As Eleições e os Candidatos que não Deveriam Ser
Por
Reginaldo Trindade[1]
Rondônia
está em festa. O país inteiro está.
É a
Festa da Democracia, onde todos os cidadãos, movidos pelo bem maior da nação, reúnem-se,
em grande júbilo, para escolher as pessoas mais aptas e capazes para ocupar os
mais relevantes cargos do país. Seja lá o que isso queira dizer ou mesmo como
se queira interpretar.
É
uma festa diferente, onde não se serve salgadinho ou refrigerante, porque o
dono da festa (o TSE – ou o Congresso Nacional, se preferirem) não permite.
Não
se escreve para falar da festa em si, mas daqueles que participam dela.
Na
verdade, o dono efetivo da festa é o povo e há algumas pessoas que não são
bem-vindas à comemoração.
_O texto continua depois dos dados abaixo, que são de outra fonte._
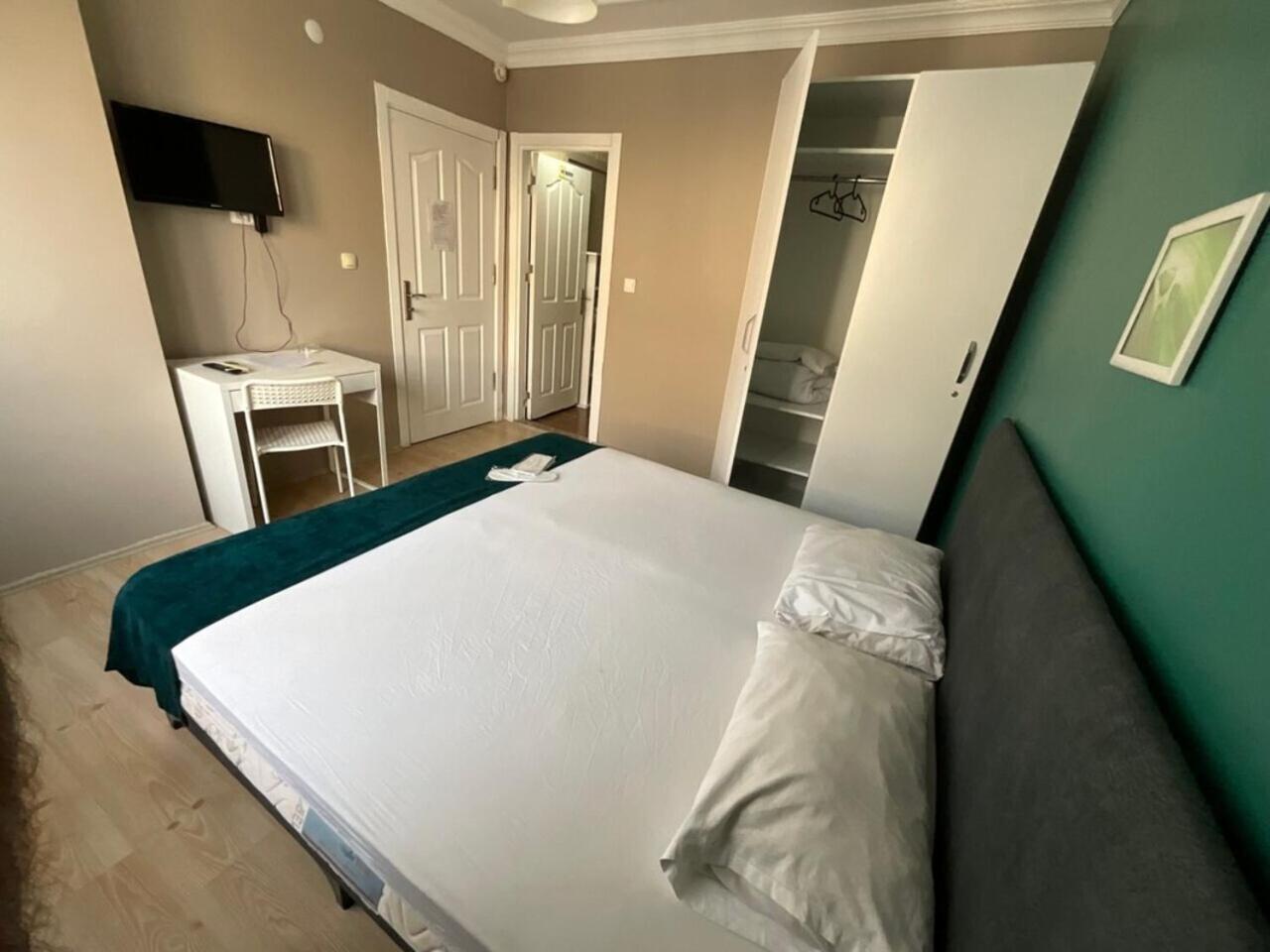 Khan'S B&B Hotel 안탈리아 외부 사진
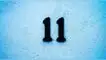 Conoce el significado del número 11 y su conexión en el mundo de la espiritualidad. El número 11 está considerado entre los dígitos más importantes en la numerología.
Ou, ao menos, não deveriam ser – especialmente nos
papeis mais importantes.
Direto
ao ponto, existem candidaturas que são verdadeiras aberrações, ainda que não
enquadráveis diretamente na Lei da Ficha Limpa.
Por
exemplo, há uma famigerada deputada estadual, candidata à reeleição, que,
embora (ainda) não seja ficha suja, esteve envolvida nas últimas principais
grandes operações ministeriais/policiais.
Suas
ligações com pessoas de pouca índole (para dizer o mínimo) são quase umbilicais.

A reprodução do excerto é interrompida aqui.